Starting at the first line of the data, please print exactly those lines through the one that holds "SHACOS Silky Soft", omitting every picture.
==== Supplied data
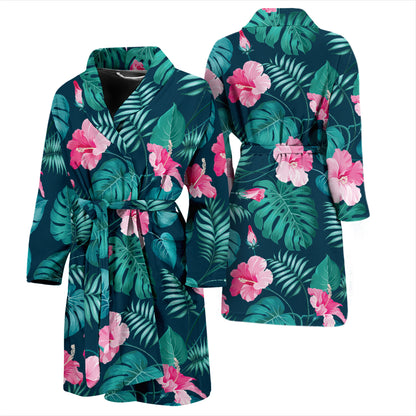 Summer Floral Print Design LKS301 Men Bathrobe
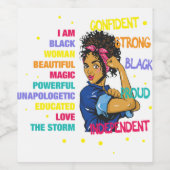 Opgeleide zwarte meisje magie 77 wijn etiket (Enkel label)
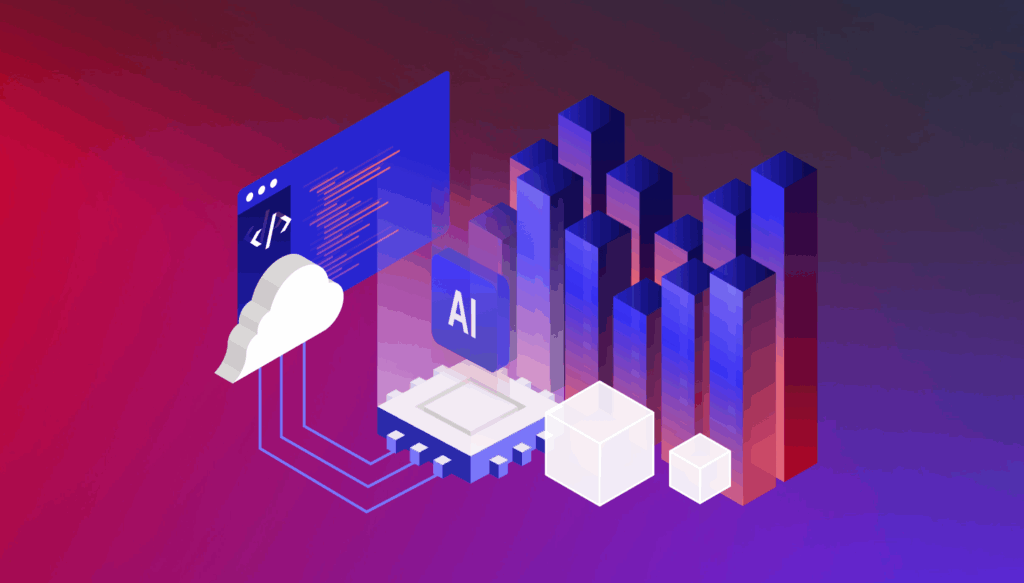 A decorative image showing cloud storage and AI icons.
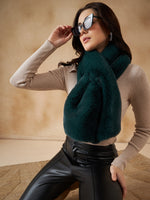 Thumbnail for InWeave Women's Dark Teal Faux Fur Neck Warmer - Distacart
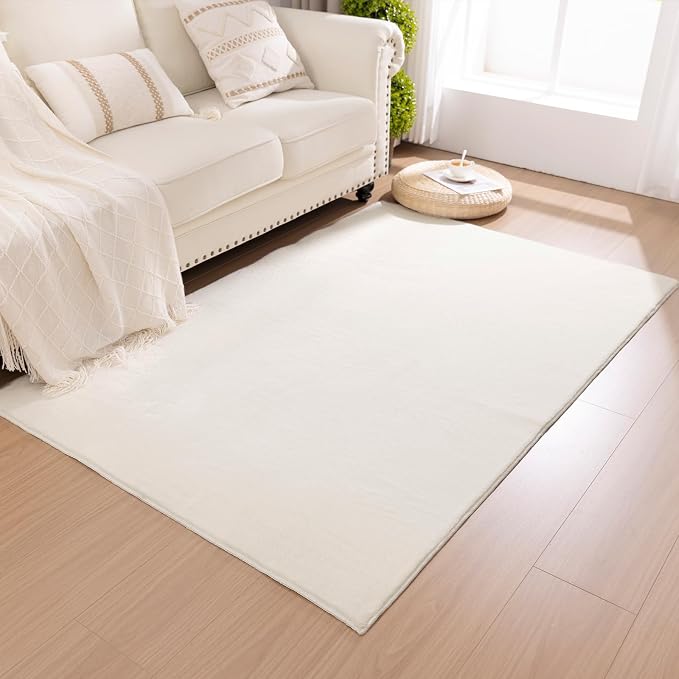 SHACOS Silky Soft Faux Rabbit Fur Area Rug 3'x5' Non Slip Washable Padded Throw - Image 4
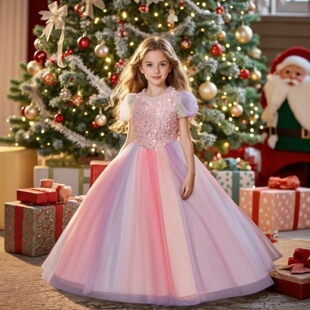 Children's Dress, Puff Sleeves, Sequined Princess Dress, Colorful Mesh Dress, Girl's Birthday Party Stage Performance Ready Stock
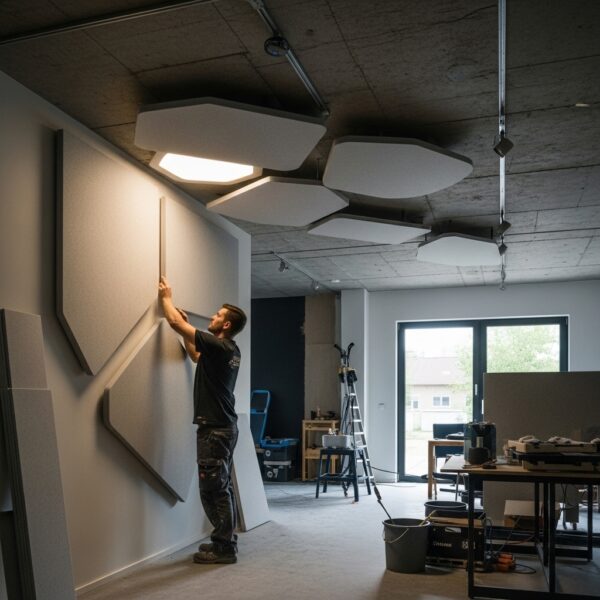 “A professional installing custom acoustic panels in a modern interior, fitting panels into an irregular space to block sound while matching the room’s design, suitable for residential, commercial, or industrial settings.”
========
Exercise result —
 Summer Floral Print Design LKS301 Men Bathrobe
 Opgeleide zwarte meisje magie 77 wijn etiket (Enkel label)
 A decorative image showing cloud storage and AI icons.
 Thumbnail for InWeave Women's Dark Teal Faux Fur Neck Warmer - Distacart
 SHACOS Silky Soft Faux Rabbit Fur Area Rug 3'x5' Non Slip Washable Padded Throw - Image 4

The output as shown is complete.